That whole season was nuts. As a fan of a non-traditional, non-elite program, I do enjoy the occasional 'nothing makes sense' season full of underdogs and upsets, and aside from 2007 (which had the added benefit of including my team in the hot mess), 1990 was about as ridiculous as any season could be.

Things started out normal enough. Your preseason Top 10: 1) Miami (who had won two titles in three years), 2) Notre Dame, 3) Auburn, 4) Florida State, 5) Colorado, 6) Michigan, 7) Nebraska, 8) Tennessee, 9) USC, 10) Clemson.  Virginia started out a respectable 15th, and Georgia Tech was unranked.  But things fell apart almost immediately.  Miami lost at Ty Detmer and BYU, who jumped all the way to fourth before losing to unranked Oregon.

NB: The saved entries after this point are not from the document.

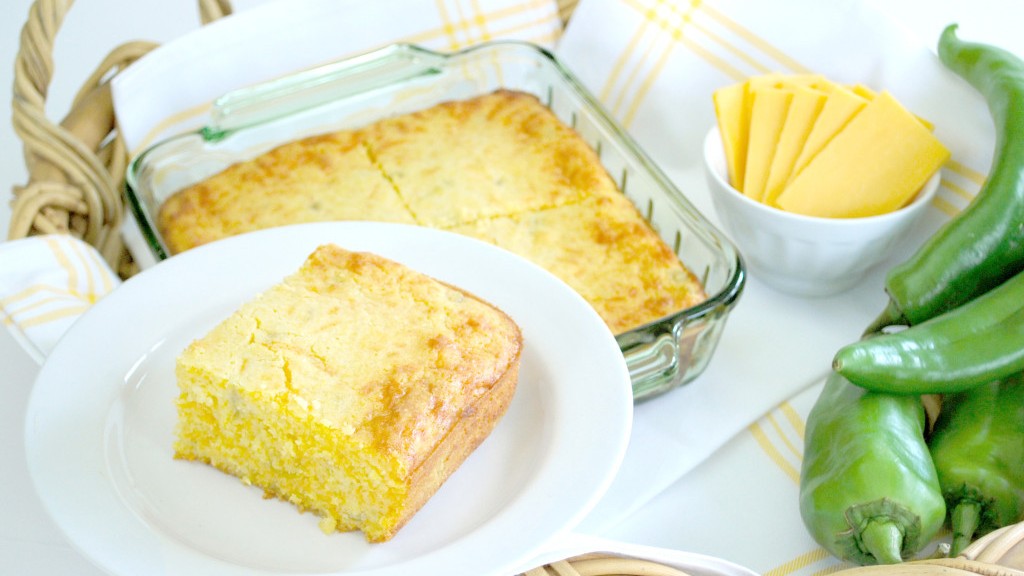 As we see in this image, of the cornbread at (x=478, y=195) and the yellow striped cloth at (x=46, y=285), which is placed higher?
the cornbread at (x=478, y=195)

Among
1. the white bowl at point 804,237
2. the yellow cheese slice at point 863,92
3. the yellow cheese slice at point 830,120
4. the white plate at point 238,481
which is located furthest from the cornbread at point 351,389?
the yellow cheese slice at point 863,92

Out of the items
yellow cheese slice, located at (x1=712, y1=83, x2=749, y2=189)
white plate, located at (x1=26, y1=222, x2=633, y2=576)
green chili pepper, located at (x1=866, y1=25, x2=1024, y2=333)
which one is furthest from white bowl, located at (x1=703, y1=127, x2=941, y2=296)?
white plate, located at (x1=26, y1=222, x2=633, y2=576)

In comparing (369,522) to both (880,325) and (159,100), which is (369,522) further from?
(159,100)

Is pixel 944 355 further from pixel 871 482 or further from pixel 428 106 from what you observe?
pixel 428 106

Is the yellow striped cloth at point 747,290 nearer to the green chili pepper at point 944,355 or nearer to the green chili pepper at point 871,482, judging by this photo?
the green chili pepper at point 871,482

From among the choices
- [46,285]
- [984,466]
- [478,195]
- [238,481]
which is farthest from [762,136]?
[46,285] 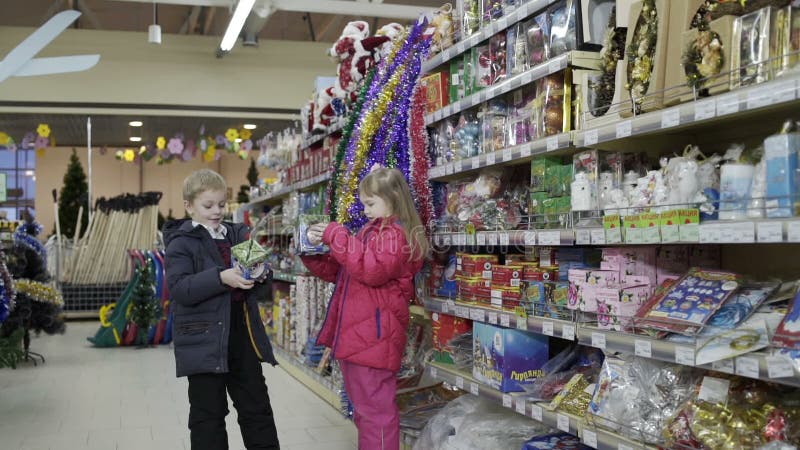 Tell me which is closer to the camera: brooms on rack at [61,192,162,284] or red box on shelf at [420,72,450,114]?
red box on shelf at [420,72,450,114]

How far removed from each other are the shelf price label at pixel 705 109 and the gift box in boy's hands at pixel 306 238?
5.45 ft

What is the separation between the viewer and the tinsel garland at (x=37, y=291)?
5936 mm

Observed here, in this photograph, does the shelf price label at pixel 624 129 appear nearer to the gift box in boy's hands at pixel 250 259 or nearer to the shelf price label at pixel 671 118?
the shelf price label at pixel 671 118

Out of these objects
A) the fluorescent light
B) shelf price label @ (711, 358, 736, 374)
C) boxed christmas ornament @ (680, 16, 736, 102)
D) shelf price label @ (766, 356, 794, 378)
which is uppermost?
the fluorescent light

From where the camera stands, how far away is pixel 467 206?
334 centimetres

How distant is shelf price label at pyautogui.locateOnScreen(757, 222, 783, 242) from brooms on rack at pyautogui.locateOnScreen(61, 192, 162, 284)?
9.16 metres

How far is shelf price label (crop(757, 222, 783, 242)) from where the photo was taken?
1744 mm

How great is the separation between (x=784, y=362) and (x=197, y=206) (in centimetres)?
219

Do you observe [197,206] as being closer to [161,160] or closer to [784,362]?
[784,362]

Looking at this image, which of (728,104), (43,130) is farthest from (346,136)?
(43,130)

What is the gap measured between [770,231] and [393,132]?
2271 mm

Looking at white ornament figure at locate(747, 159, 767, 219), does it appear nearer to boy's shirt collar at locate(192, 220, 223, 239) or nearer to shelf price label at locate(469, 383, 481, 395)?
shelf price label at locate(469, 383, 481, 395)

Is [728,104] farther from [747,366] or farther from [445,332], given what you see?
[445,332]

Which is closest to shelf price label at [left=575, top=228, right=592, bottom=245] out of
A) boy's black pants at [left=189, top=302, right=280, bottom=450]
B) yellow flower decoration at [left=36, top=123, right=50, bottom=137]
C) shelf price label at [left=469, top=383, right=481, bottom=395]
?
shelf price label at [left=469, top=383, right=481, bottom=395] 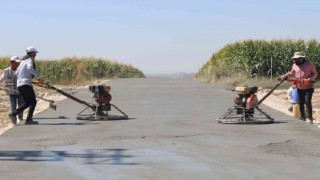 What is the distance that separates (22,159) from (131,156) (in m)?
1.61

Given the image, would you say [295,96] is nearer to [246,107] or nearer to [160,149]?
[246,107]

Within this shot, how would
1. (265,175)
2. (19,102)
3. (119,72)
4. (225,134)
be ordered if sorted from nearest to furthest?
(265,175) < (225,134) < (19,102) < (119,72)

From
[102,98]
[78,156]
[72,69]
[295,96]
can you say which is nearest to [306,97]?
[295,96]

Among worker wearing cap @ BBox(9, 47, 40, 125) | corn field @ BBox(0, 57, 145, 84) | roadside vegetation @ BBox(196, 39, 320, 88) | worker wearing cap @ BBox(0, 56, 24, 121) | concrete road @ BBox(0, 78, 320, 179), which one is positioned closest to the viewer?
concrete road @ BBox(0, 78, 320, 179)

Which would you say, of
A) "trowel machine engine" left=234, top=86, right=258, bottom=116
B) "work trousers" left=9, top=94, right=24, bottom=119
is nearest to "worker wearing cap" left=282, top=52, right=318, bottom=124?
"trowel machine engine" left=234, top=86, right=258, bottom=116

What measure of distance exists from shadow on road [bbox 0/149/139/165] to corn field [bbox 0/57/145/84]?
42.9 metres

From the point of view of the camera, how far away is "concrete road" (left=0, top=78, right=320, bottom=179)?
834 cm

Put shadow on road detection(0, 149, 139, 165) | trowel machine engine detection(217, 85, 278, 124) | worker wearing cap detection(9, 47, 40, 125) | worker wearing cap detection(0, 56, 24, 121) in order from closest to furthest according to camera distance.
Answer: shadow on road detection(0, 149, 139, 165) < trowel machine engine detection(217, 85, 278, 124) < worker wearing cap detection(9, 47, 40, 125) < worker wearing cap detection(0, 56, 24, 121)

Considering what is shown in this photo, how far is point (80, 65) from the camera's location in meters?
59.3

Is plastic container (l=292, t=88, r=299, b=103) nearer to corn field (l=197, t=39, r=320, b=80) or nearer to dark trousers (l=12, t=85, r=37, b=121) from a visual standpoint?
dark trousers (l=12, t=85, r=37, b=121)

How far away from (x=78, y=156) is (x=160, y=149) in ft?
4.66

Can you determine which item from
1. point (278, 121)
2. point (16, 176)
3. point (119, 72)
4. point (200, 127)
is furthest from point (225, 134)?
point (119, 72)

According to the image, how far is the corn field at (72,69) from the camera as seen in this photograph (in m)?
56.1

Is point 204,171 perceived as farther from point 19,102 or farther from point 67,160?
point 19,102
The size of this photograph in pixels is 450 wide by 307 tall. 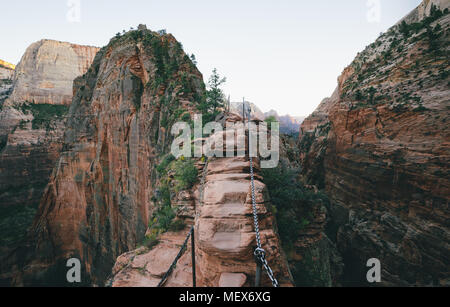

USC lost to Arizona and fell from fifth to 18th.

By thumping Clemson and handling their business against lesser teams, Virginia managed to rise to No. 4 by October 2.  Then No. 1 Notre Dame lost at home to lowly Stanford and No. 2 Florida State lost to Miami.  Michigan rose to No. 1 ... and immediately lost to Michigan State at home, leaving Virginia -- Virginia! -- ranked first in the country.  The top-ranked Hoos held off N.C. State and Wake Forest with chaos still reigning beneath them (Miami had risen back to No. 2 and lost, as did No. 3 Tennessee).  Then came the game of the year, and on a day in which four of the country's top five teams (No. 1 Virginia, No. 3 Nebraska, No. 4 Auburn, No. 5 Illinois) all lost.

From The USA Today College Football Encyclopedia, 2009-2010, in beautiful, abbreviated, Phil Steele-like prose:

Virginia (7-1) QB Shawn Moore set school record with 344y passing on 18-28, WR Herman Moore caught 9/234y, including fake-reverse 63y TD bomb in 3rd Q. All seemed in order for no. 1 Virginia in taking 10-0 lead in 1st Q, 28-14 lead by H. But, resourceful Georgia Tech (7-0-1) took advantage of 2 3rd Q errors to tie it at 28-28. Tech scored 4 plays after recovering FUM on opening possession of 3rd Q. LB Calvin Tuggle's INT at Jackets 10YL stopped ensuing Cavs drive; and Georgia Tech gained field position for QB Shawn Jones' (17-29/257y, 2 TDs) 26y scoring pass to WR Emmett Merchant. Virginia's Moores then countered with their long TD bomb, but RB William Bell tied it 35-35 with 8y run late in 3rd Q. Tech took its 1st lead on K Scott Sisson's 35y FG with 7:17 left. Back came Virginia, gaining 1st-and-goal 6 inches from GL, a move sparked by 48y Moore-to-Moore pass. But, Cavs were penalized twice in next 5 plays, once nullifying TE Aaron Mundy's TD catch. Virginia had to settle for K Jake McInerney's tying FG with 2:30 to go. Jackets went 56y in 5 plays to position Sisson for game-winning FG with 7 secs left, keys being Jones-to-Bell 23y pass, Bell's 13y run on which he fell on own FUM, and Jones-to-WR Greg Lester 15y pass.

It was such a devastating, rather self-inflicted loss that Virginia never recovered; they lost four of five to finish the season 8-4.  Meanwhile, Georgia Tech rose from 16th to seventh in one week.

The next week, with Notre Dame No. 1 again, No. 2 Washington lost at home to a bad UCLA team, and No. 3 Houston (!!) got whipped by No. 14 Texas.  On November 13, three teams that had begun the season unranked (Georgia Tech, Florida, Texas) were in the Top 7.  That just doesn't happen.

All of this craziness, and I haven't even mentioned the Fifth Down or The Clip yet.

Honestly, 1990 had everything people could possibly complain about -- a split national title, with one team winning the title with assistance from an interesting clipping penalty and a fifth down, for starters.  Plus, this was the season of the infamous Miami-Texas Cotton Bowl.  But there was just so much to love about this season: the chaos, the equality (traditional and non-traditional powers all got equal opportunities to blow their chance at a title) ... and this incredible game.